To prevent the Evil Eye, people wear all sorts of talismans. In Greece and Turkey those are jewelry showing a blue eye to protect one’s person from inadvertent curses, wall hangings of ceramic blue eyes to protect one’s house, macrame with beads of blue eyes draped over the saddle to protect one’s donkey, beads hanging from the rearview mirror to protect one’s car, and on and on. For Italians and Jews, red is the color that protects wearers from the Evil Eye (that’s why Italians wear charms shaped like coral, or cornuti, red horns, to protect themselves). Jews say “Bli Ayin Hora” in Hebrew, or “Kina Hora” in Yiddish, both meaning “Back off, Evil Eye.”
In the course of researching my paper, I read various ideas about why the belief in the Evil Eye is so widespread. Rabbinical commentary says it comes from a fear of envy, and that when Jacob wished his grandchildren may “multiply like fish within the land” it was because no one sees fish in their fruitful abundance, so they aren’t envied. A Freudian folklorist (yes, there is such a thing) named Alan Dundes wrote an article called “Wet and Dry: the Evil Eye”, that, if I remember correctly, was all about how eyes are vulnerable and squishy and viscous, like sex organs, and that the evil eye is believed to make things (money, potency, fresh water, breast milk), wither and dry. It’s an interesting (and gross) theory, but too elemental for my taste.

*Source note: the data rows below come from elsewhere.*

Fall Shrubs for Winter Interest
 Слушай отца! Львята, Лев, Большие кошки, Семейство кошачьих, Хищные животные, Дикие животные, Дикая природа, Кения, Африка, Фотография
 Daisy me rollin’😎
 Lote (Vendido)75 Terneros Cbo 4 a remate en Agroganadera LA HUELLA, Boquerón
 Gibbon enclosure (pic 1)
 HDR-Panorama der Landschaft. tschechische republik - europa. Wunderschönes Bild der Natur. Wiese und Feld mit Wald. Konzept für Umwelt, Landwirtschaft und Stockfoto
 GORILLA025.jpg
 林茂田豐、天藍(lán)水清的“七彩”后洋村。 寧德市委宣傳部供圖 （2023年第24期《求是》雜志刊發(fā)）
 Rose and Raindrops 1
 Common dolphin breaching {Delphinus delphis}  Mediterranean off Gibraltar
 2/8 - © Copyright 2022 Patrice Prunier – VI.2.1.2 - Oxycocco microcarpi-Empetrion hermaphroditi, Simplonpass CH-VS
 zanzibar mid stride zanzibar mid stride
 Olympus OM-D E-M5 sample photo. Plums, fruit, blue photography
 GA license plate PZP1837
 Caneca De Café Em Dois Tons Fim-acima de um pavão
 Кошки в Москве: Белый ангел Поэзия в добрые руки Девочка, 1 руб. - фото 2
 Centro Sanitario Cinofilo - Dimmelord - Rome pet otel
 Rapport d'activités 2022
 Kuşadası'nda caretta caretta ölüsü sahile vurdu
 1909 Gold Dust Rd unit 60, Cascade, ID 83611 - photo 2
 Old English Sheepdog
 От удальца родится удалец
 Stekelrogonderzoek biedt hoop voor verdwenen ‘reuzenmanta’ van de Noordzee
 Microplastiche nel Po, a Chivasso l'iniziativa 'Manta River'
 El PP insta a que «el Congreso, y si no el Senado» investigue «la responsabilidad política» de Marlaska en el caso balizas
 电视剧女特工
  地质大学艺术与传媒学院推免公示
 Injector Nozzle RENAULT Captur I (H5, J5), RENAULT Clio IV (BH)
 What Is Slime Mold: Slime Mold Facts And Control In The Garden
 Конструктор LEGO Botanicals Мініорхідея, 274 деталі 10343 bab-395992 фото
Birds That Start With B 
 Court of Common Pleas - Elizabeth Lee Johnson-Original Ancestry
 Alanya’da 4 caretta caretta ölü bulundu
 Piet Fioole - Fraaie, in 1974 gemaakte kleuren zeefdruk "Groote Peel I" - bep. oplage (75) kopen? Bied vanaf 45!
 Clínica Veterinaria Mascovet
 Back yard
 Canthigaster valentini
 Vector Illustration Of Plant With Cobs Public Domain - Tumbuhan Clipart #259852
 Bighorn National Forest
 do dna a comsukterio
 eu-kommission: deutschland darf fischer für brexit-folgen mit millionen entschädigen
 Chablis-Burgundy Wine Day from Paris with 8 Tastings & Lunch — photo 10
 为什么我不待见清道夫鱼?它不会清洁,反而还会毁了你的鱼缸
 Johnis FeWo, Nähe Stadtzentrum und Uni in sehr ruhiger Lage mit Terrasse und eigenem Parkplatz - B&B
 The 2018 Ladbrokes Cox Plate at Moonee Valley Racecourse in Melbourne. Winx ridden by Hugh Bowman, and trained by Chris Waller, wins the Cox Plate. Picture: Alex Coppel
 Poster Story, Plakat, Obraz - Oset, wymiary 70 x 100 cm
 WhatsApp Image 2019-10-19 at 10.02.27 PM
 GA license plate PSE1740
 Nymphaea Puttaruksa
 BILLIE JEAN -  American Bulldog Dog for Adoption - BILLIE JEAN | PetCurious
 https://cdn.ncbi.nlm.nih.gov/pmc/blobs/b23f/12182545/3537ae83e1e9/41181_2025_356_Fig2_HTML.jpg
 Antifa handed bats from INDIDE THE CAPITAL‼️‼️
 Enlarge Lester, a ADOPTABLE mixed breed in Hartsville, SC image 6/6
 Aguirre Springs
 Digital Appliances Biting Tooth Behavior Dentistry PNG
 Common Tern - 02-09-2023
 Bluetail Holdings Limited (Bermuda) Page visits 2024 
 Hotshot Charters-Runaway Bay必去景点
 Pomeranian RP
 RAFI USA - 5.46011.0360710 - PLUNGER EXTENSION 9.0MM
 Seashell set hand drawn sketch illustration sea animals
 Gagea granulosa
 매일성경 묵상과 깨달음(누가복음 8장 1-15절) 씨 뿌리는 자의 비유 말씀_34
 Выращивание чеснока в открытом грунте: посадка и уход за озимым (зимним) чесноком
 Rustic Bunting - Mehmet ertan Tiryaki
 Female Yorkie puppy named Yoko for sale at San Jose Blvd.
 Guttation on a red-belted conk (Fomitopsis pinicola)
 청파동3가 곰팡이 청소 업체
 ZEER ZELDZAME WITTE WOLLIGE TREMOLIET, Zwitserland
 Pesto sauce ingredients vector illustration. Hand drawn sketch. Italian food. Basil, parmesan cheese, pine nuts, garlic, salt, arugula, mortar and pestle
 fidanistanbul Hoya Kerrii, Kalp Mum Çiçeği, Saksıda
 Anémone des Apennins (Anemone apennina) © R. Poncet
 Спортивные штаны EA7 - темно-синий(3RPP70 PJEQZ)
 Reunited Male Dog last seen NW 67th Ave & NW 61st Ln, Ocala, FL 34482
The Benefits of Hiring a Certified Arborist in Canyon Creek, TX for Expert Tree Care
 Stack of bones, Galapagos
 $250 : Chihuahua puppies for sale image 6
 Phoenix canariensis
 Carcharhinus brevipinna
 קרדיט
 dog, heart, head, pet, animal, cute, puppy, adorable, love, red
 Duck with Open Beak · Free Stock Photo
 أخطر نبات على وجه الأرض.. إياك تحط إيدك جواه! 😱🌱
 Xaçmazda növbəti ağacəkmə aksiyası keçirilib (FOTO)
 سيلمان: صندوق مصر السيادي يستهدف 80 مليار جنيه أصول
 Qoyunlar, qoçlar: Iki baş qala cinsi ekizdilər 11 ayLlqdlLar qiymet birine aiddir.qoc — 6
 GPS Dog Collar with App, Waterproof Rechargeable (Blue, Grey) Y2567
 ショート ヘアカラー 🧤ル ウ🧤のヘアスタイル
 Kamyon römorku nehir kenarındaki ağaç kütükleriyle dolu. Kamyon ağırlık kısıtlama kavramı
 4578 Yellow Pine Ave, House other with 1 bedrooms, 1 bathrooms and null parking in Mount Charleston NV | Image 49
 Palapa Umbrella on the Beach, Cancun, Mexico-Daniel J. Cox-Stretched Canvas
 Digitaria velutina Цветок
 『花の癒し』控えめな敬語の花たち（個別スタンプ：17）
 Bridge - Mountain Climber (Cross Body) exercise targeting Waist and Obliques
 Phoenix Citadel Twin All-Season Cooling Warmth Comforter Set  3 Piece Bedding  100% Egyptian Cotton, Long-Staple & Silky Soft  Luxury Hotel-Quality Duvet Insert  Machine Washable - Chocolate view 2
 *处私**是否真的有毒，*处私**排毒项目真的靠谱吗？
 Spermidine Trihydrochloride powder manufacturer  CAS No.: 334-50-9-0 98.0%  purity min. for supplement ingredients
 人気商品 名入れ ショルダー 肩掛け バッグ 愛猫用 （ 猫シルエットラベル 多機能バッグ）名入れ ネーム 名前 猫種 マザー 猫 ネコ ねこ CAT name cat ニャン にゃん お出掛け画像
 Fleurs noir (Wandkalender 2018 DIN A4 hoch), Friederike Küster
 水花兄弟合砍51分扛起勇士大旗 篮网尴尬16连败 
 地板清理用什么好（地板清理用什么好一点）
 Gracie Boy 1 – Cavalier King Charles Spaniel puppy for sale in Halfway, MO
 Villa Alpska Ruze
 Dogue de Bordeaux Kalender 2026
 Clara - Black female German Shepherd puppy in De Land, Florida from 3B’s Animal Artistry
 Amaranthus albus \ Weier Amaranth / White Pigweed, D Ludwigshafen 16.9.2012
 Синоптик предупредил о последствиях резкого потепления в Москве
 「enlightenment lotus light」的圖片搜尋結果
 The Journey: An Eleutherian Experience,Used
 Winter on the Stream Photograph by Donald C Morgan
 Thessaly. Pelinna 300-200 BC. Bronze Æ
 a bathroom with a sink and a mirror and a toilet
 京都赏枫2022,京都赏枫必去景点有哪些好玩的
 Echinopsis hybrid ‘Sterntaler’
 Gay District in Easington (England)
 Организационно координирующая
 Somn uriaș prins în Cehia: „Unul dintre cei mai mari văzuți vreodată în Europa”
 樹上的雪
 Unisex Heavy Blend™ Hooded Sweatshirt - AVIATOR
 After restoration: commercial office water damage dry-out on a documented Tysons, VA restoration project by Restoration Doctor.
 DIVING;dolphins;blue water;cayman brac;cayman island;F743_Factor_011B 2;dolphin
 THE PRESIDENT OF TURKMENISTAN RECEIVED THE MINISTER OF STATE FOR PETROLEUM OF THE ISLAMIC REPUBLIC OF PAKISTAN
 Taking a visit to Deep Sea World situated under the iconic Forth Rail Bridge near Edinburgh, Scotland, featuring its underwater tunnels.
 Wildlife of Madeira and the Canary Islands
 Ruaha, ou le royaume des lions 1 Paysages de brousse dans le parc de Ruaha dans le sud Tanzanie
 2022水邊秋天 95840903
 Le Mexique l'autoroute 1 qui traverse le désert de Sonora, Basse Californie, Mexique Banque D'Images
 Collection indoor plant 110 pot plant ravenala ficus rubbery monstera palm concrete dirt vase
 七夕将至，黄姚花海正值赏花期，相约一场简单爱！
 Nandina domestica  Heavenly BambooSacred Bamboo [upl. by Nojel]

I think the Evil Eye is an ancient version of Alannis Morrissette’s “Isn’t It Ironic” song, that it’s human nature to suspect that when we are being showered with blessings–when everyone compliments your cute baby or looks at you on stage–we will somehow lose those blessings, or have them taken away by people whether they want to harm us or not. There’s not much we can do to prevent envy, or to keep the random good things that happen to us from randomly disappearing. So wearing an Evil Eye talisman (like the multicolored bracelet I wear every day) makes one, or at least me, feel proactive, as if I’m aware that I’m blessed and doing what I can to protect the good things in my life, and maybe even spread more good things to others.
I’ll acknowledge that, often, the Evil Eye is in the eye of the beholder. One Sunday one of my aunts said to the other, “I don’t feel so good–I think someone gave me the Evil Eye in church this morning?” and the other replied, “Who would envy you? You’re so fat, you look like a little barrel!” Yup, my aunts practice tough love. But I have seen Evil Eye removal work. After a great engagement party in New York, everything suddenly went wrong for my husband; he missed my shower because the subways to Brooklyn weren’t working properly (granted, they never are on weekends); he missed his flight back to Florida because of traffic to the airport, and he almost didn’t make the flight the next day because, as the attendant pointed out to him, his driver’s license had expired by one day. Back in Miami, he learned there was a two week wait to get an appointment at the DMV. My aunt took the Evil Eye off him (you can do it over the phone), he called the DMV back and they gave him an appointment in a half hour due to a sudden cancellation. Another satisfied customer of an Evil Eye Exorcism.
I’ve had a lot of great things happen to me in the last six months. And then, this week, I’ve been hobbling around due to a crippling pain in my right hip. The only appointments I can get with orthopedists are over two weeks from now, and the one doctor I have seen isn’t sure if I have bursitis or an injury. I hate having restricted mobility and have been super-irritable knowing there’s not much I can do to fix this. But then I thought of Teddy and his mom, and I realized one thing I can do to make myself feel better, if not, necessarily, to fix my hip. I have to get the Evil Eye taken removed. So please excuse me, I’m off to call my aunt.